• EXERCISE MATERIALS:
= = =

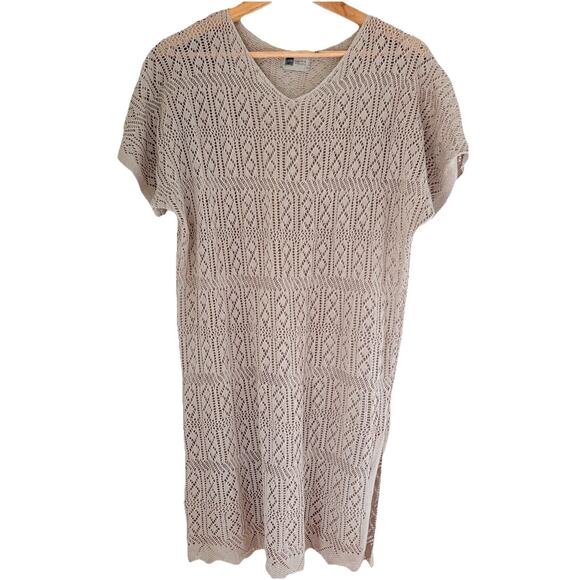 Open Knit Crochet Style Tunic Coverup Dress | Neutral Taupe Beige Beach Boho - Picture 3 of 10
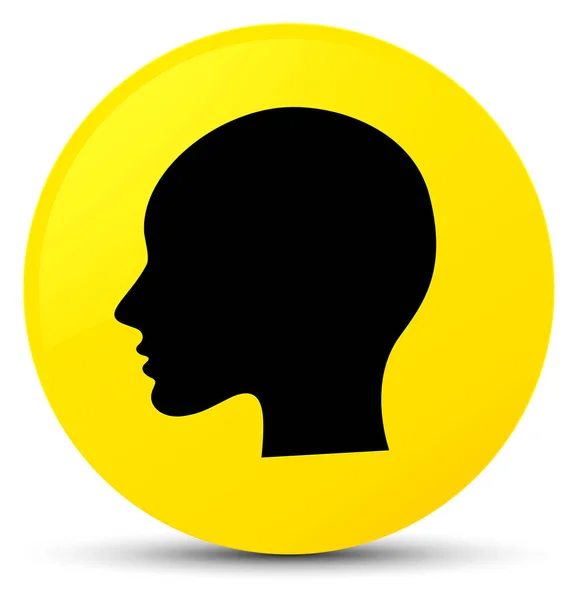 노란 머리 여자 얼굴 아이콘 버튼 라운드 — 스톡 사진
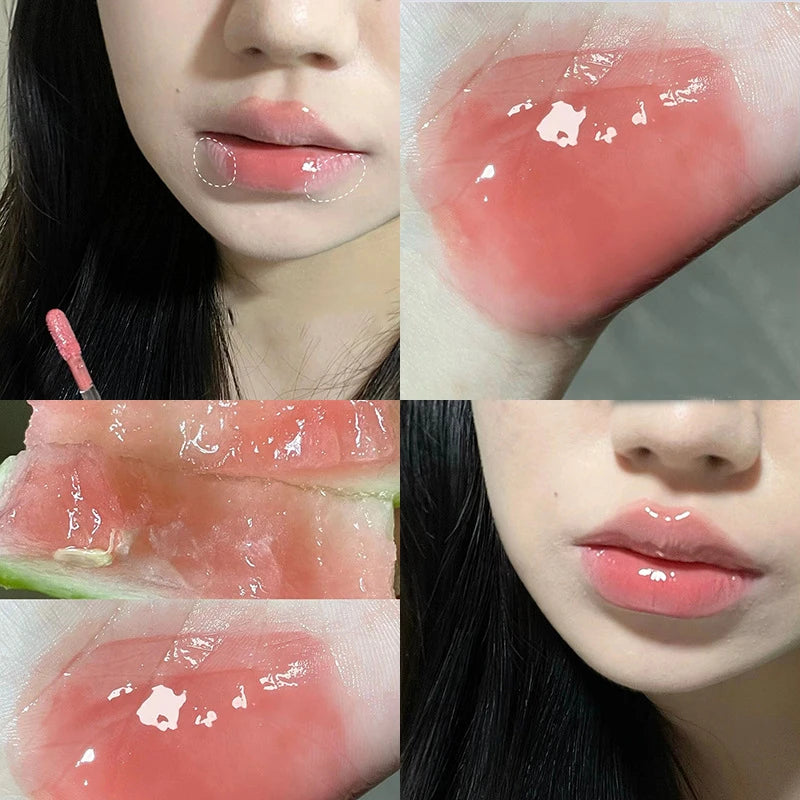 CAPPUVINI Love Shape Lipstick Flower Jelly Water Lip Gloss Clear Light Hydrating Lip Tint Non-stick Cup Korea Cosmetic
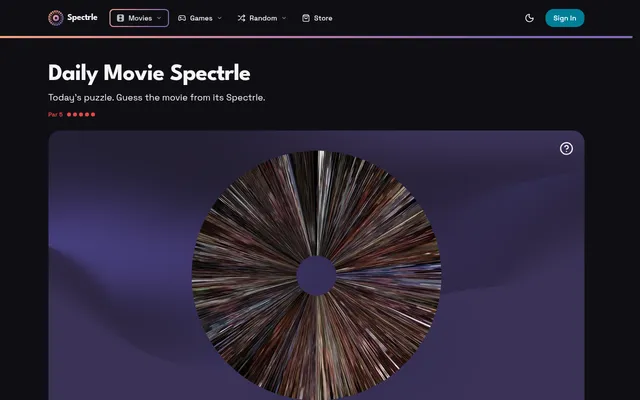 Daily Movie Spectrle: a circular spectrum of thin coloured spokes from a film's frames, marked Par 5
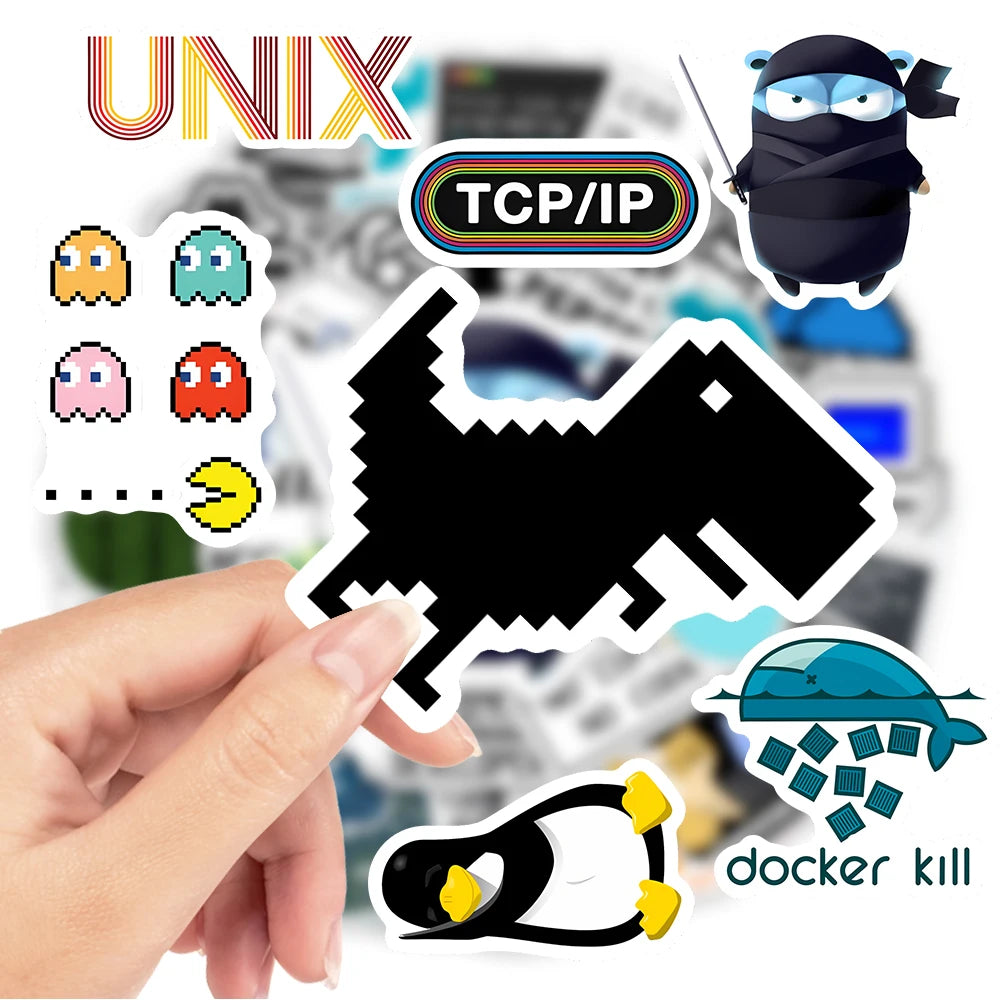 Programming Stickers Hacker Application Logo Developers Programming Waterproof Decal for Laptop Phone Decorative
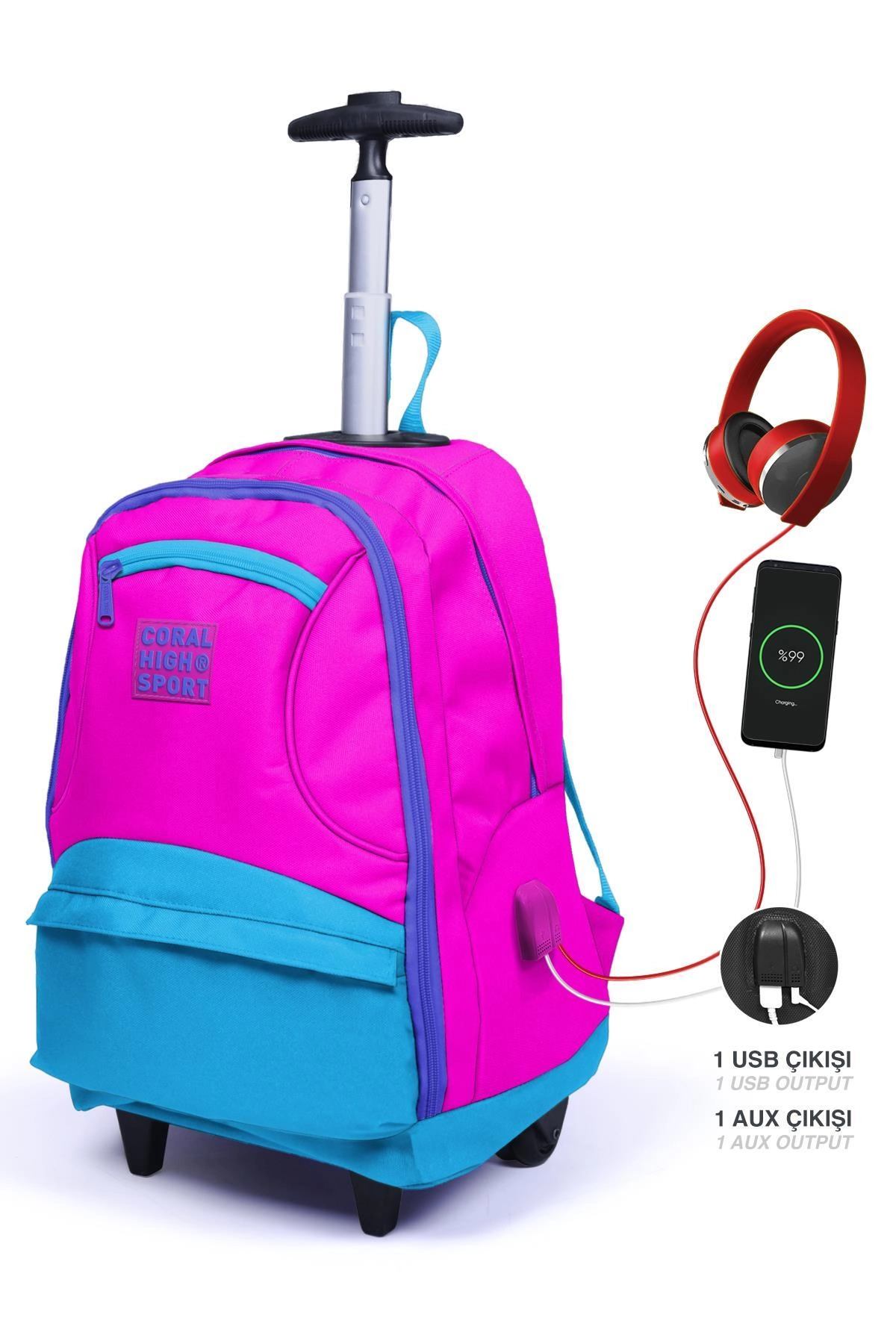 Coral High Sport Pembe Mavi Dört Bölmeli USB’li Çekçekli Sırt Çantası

= = =

• EXERCISE GOAL: The result should be an exact copy of every entry above, with no pictures included.

• REPLY:
 Open Knit Crochet Style Tunic Coverup Dress | Neutral Taupe Beige Beach Boho - Picture 3 of 10
 노란 머리 여자 얼굴 아이콘 버튼 라운드 — 스톡 사진
 CAPPUVINI Love Shape Lipstick Flower Jelly Water Lip Gloss Clear Light Hydrating Lip Tint Non-stick Cup Korea Cosmetic
 Daily Movie Spectrle: a circular spectrum of thin coloured spokes from a film's frames, marked Par 5
 Programming Stickers Hacker Application Logo Developers Programming Waterproof Decal for Laptop Phone Decorative
 Coral High Sport Pembe Mavi Dört Bölmeli USB’li Çekçekli Sırt Çantası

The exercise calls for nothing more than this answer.